═════ Listed entries
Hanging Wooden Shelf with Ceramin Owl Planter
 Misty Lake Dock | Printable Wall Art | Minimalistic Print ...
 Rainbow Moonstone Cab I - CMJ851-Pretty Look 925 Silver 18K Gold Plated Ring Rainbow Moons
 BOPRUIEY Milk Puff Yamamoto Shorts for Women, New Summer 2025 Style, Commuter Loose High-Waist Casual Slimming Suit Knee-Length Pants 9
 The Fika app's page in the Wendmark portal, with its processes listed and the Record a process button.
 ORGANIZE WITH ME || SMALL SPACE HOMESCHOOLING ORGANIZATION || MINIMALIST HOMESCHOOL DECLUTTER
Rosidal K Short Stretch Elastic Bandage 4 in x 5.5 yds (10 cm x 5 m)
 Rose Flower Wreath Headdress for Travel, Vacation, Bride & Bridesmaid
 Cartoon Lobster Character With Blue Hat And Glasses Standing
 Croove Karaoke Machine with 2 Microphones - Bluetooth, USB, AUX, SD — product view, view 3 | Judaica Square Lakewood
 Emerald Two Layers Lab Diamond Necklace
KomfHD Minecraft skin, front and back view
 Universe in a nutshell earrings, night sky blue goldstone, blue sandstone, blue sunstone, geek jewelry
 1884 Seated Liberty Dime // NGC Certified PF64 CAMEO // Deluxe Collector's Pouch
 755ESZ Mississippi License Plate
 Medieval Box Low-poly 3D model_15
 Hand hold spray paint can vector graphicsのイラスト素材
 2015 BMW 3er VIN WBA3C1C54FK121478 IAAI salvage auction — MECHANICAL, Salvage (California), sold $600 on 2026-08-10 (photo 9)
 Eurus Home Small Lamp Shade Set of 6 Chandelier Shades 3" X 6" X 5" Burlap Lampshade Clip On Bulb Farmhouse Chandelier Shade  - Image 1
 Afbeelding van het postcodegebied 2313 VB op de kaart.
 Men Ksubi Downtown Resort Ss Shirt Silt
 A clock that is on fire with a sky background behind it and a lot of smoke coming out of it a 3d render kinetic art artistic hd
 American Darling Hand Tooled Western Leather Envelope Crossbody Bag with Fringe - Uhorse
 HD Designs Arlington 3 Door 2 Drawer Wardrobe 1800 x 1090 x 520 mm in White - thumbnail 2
══════════
-- Your goal --
Give again the lines from the line holding "A clock that" through the close of the listing, both included, exactly as written and with nothing else.

-- Result --
 A clock that is on fire with a sky background behind it and a lot of smoke coming out of it a 3d render kinetic art artistic hd
 American Darling Hand Tooled Western Leather Envelope Crossbody Bag with Fringe - Uhorse
 HD Designs Arlington 3 Door 2 Drawer Wardrobe 1800 x 1090 x 520 mm in White - thumbnail 2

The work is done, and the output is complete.